The pizza effect actually exists for almost all foods. The examples of the dishes mentioned above are a clear demonstration of how foods evolve during migrations. A similar argument can also be made for raw materials: many of these, fundamental for our cuisine, have followed a migratory path that has made them indispensable today. "Tomatoes were discovered in the Americas – explains Niola – the first to grow and eat them were the Aztecs. This vegetable arrived in Europe in 1500 and it was only at the end of 1700 that it slowly entered the kitchen and was then produced on a large scale and arrived "transformed" in the place where it was discovered."
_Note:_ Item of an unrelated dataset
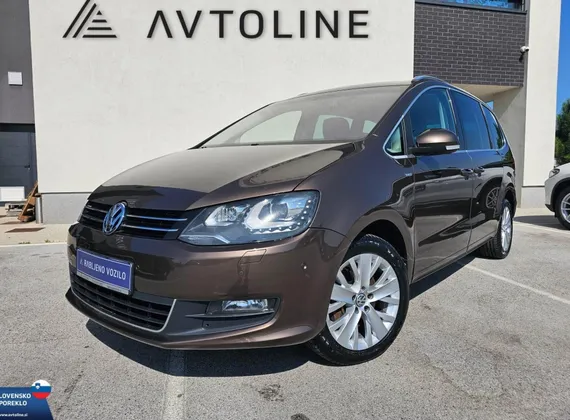 Zunanja slika - VW Sharan - 2.0 TDI CL 103kW XENON.KLJUKA.EL.VRAT.EL.PRTLAŽN.. - 1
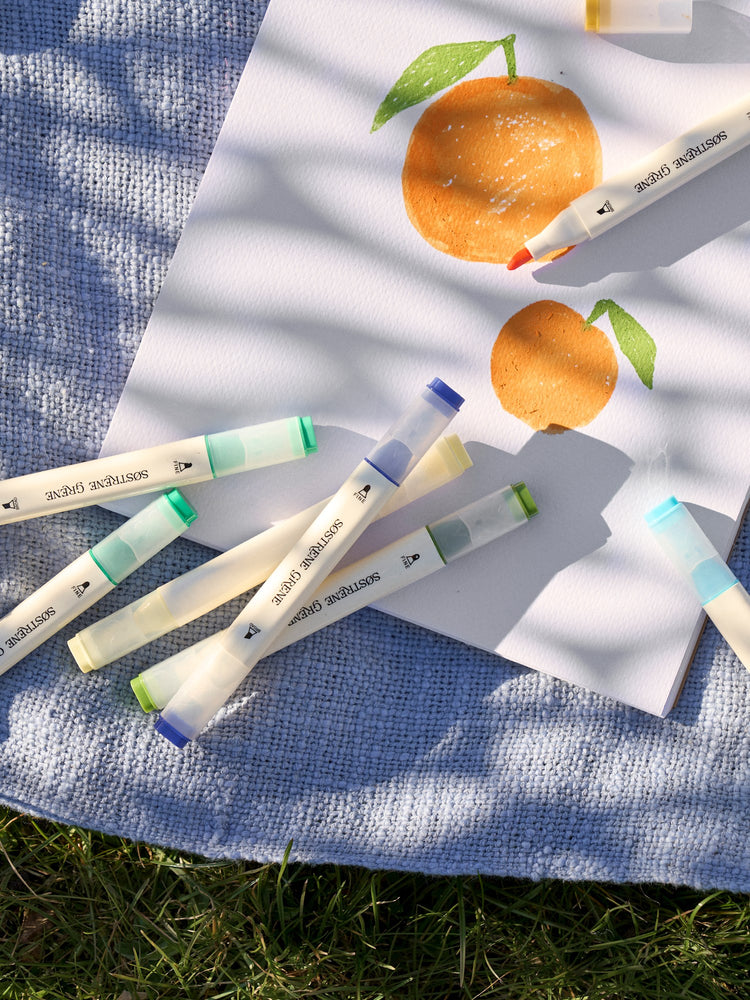 Water-based pens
The same goes for coffee, which migrates to the West to be modified as we know it today and return overseas where, here too, espresso has become popular. “The exchange, the transformation, the enrichment: all this – the anthropologist points out – has made cuisine as we know it today. Not only tomatoes or coffee, but also other foods such as oil or wine, have undergone a process of migration”.
The globalization of such products, according to the anthropologist, has always occurred, even in historical periods prior to today. In ancient times, exotic foods were always present at Roman banquets, and they ate them continuously because they loved them. “Exchanges have been going on since the beginning of time,” Niola points out, “and we also notice it from the name of Italian's most typical dishes. Let's think of zucchini alla scapece, an identifying dish of Neapolitan cuisine, but which in reality is completely foreign starting from the name which is a Hispanicism that derives from escabeche, meaning to marinate. But the Spanish also inherited it from the Indo-Iranian language to refer to a series of food preparations where the foods were first fried and then left to macerate in vinegar to be preserved. So,” he continues, “everything is the result of exchanges and that's why the pizza effect has always worked even before pizza itself was born.”
This phenomenon is a really interesting concept because, as Marino Niola told us, it first started as a sociological observation of the transformations of Italian pizza in the United States and then it was applied to many other cultural traditions. It helped us understand how much culture and trade have influenced our way of life and showed how dynamic and constantly changing nature is. All this is not limited to food, but can be extended to cultural, musical and artistic practices that are re-interpreted differently when they migrate to new cultures.
This phenomenon also raises an important question about respect for cultural traditions considered "original". When a dish or custom is reinterpreted, it is essential to understand and preserve its roots.
In this sense, the pizza effect is an important lesson on the balance between innovation and authenticity, an increasingly recurring theme in a world that is now globalized and almost entirely multicultural. As Niola explains, the meaning that this anthropological phenomenon carries is a message of cultural interconnection that demonstrates not only the power of food as a vehicle for identity and cultural exchange, but highlights the incredible ability of cuisine to adapt to new realities while maintaining ties with its origins. All of this is proof of cultural creativity and how human beings, taking advantage of the available territory, have modified an element that came from far away, adapting and enriching it according to their needs.